Casi todos los ciudadanos sin partido que orbitaron alrededor de la alternancia en 2000 acabaron militando y fueron precandidatos, candidatos o hasta funcionarios al servicio de los partidos. Es lógico que así haya sido pues las ideologías no toleran el vacío y donde se abre un nicho “independiente” o “ciudadano” aparece un hombre o mujer de buena voluntad, un converso o un oportunista, para ocuparlo de inmediato. De tanto glamour gozan los independientes actualmente que el PRD, tras su intento de superar su crisis reclutando a unos maoístas que quedaron fuera de la ley electoral, ha llamado a un “independiente” a desindependizarse para que, viniendo de fuera, los meta en cintura. El caso de los perredistas debe ser único en la historia política universal y me sirve para abogar por las burocracias partidarias, no sé si un mal, menor o mayor, al representado por los independientes. Estos aparatos, conservadores por naturaleza y moderadores por inercia, han equilibrado durante muchas décadas a los sistemas democráticos. Pueden ser aborrecidos o barnizados, pero no abolidos, a menos que se abandone, por corrupto, el sistema de partidos, como lo han hecho todos los dictadores. Franco y Pinochet abolieron hasta a los partidos que los habían encumbrado.

Una nación homologada con un movimiento omnipresente y todo terreno es el sueño dorado de los autoritarismos. Eso —los partidos dividen y los movimientos unen— ya lo tuvimos, aunque por fortuna imperfecto, con el antiguo PRI y con eso sueña López Obrador, a quien, por cierto, fue la burocracia del PRD la que lo embridó en 2006 y 2012. Aunque permanecieran impávidos como soldados norcoreanos mientras el eterno candidato alegaba fraude demostrando algoritmos diabólicos o mostrando guajolotes y chivos, los impopulares burócratas del PRD ansiosos por sobrevivir, idearon y firmaron el Pacto por México, motivo por el cual el “presidente legítimo” acabó de hartarse.

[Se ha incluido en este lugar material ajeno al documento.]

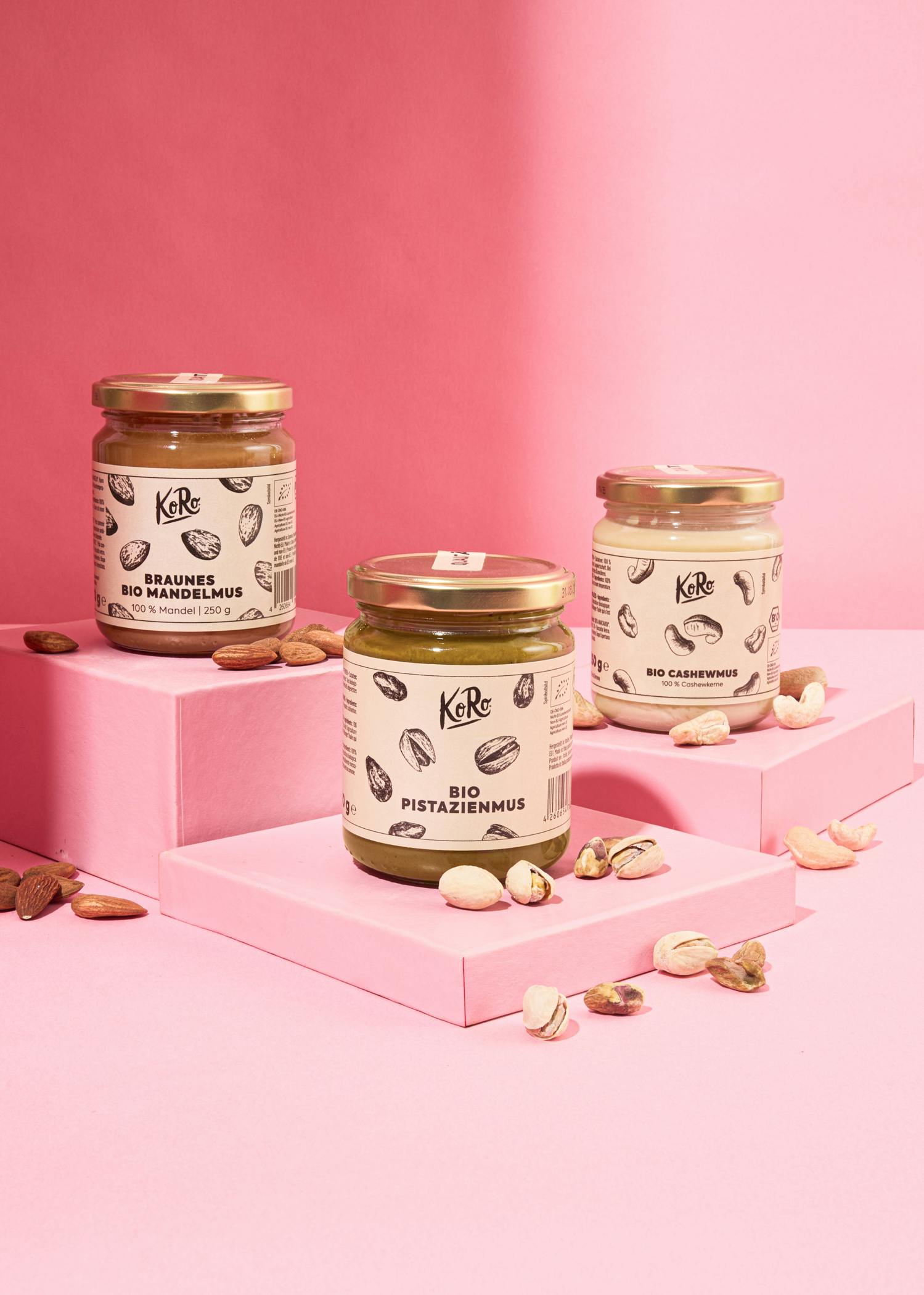 drei Kero-Produkte stehen auf einem rosa Ständer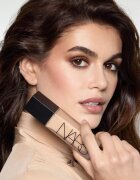 Nars Natural Matte Longwear Foundation dolgoobstojen tekoči puder z mat učinkom odtenek SIBERIA 30 ml
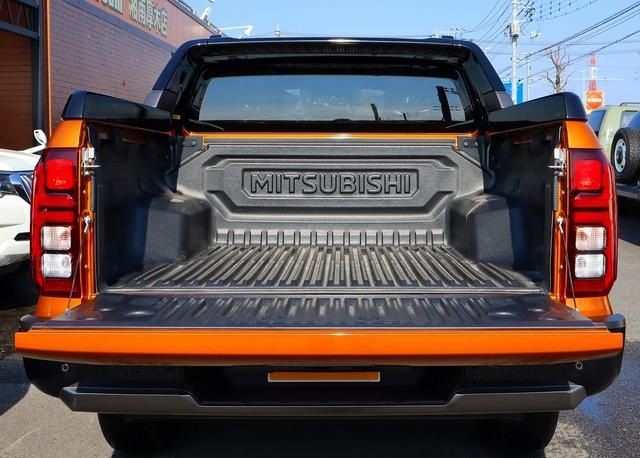 MITSUBISHI TRITON 2025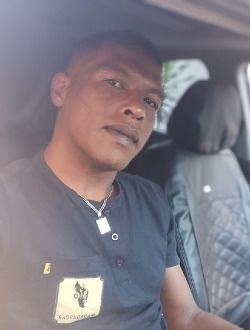 Samuel's profile, a single 35-year-old a man in Antananarivo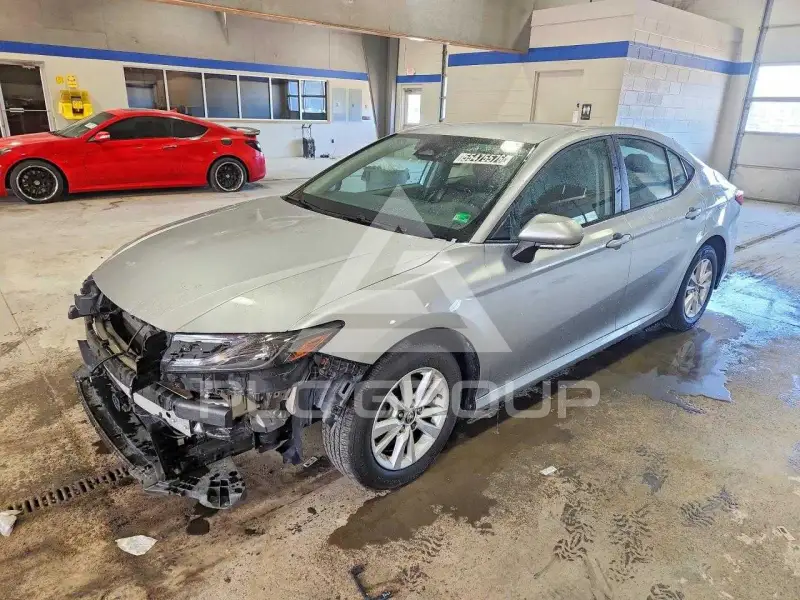2025 Toyota CAMRY фото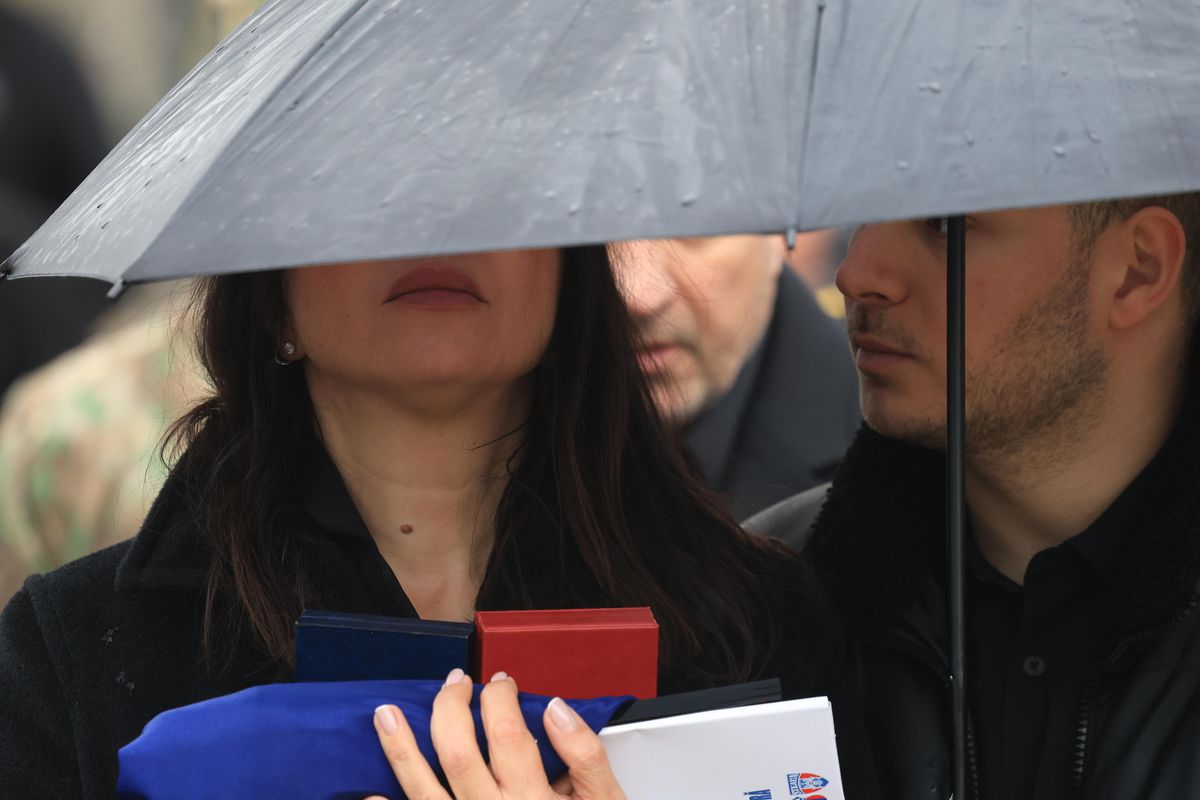 „Te iubim, bunicu'!” » Marele Emeric Ienei, înmormântat în Cimitirul „Rulikowski” cu onoruri militare, torțe și o brazdă de gazon din Ghencea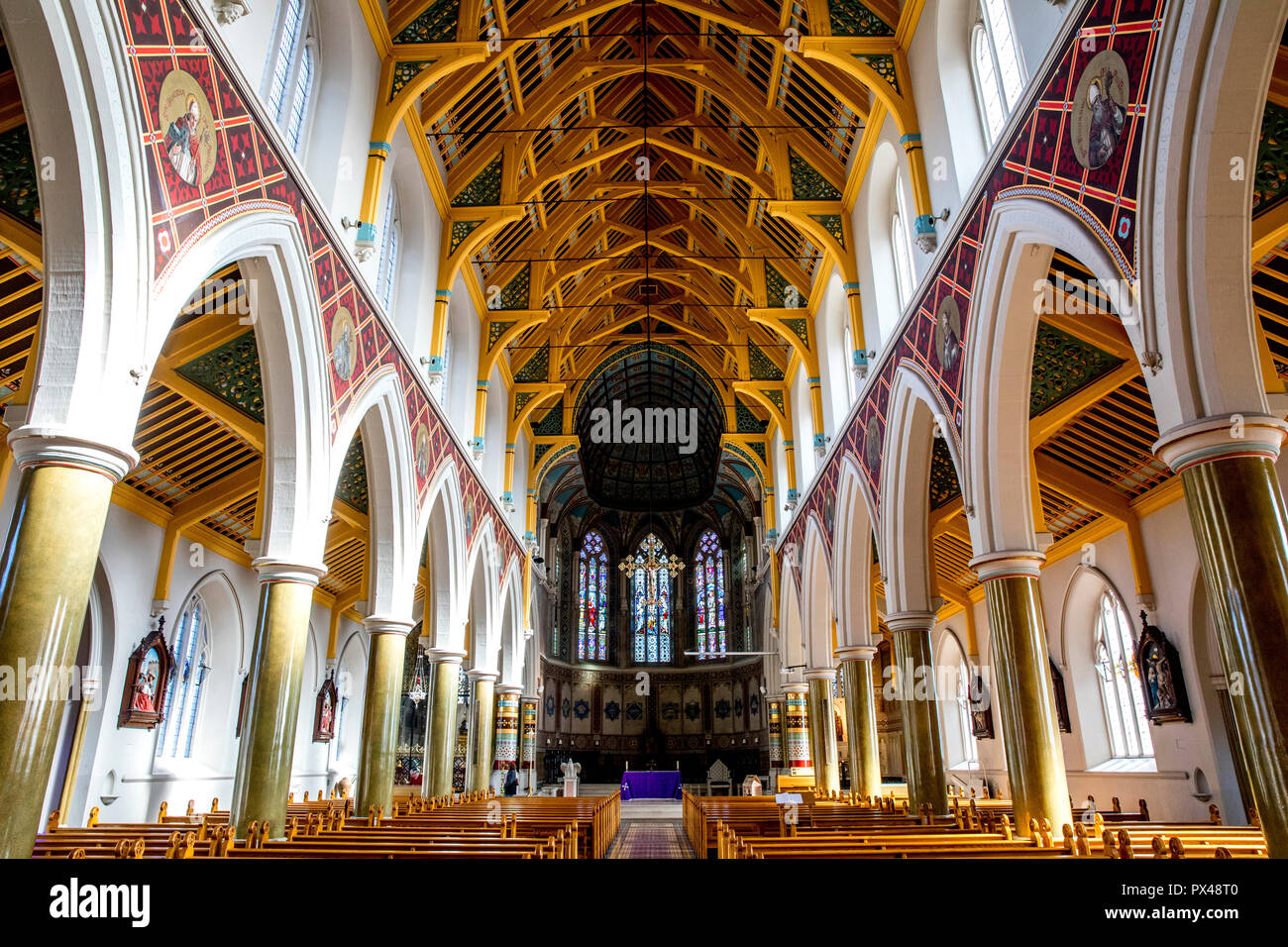 San Pietro cattedrale cattolica di Belfast, Irlanda del Nord. Navata. Ulster, U.K. Foto Stock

Una democracia representativa proviene de la soberanía popular que aunque por ley es una en la realidad se descompone en partes y partidos. Encontrarle la cuadratura a ese círculo puso de muy mal humor, en el siglo XIX, tanto a Alamán como al Nigromante. Pero es mala pedagogía política hacer creer a los ciudadanos que todo el mundo, por serlo, puede ser candidato. De poder, puede, se lo garantiza la ley si cumple con los requisitos. Pero la buena política democrática la hacen los casi siempre grisáceos hombres de aparato, los políticos profesionales y los burócratas partidarios, que deben renovarse antes que desaparecer, aun recurriendo a la máquina del tiempo como lo acaban de hacer los laboristas ingleses. Por lo pronto, para 2018, tal parece, tendremos frente a frente a dos “independientes”, uno vetusto y colmilludo, a quien financia el INE, otro reluciente y súbitamente iluminado, que dizque viene de afuera del sistema. López Obrador, El Bronco. Independientes: priístas despechados.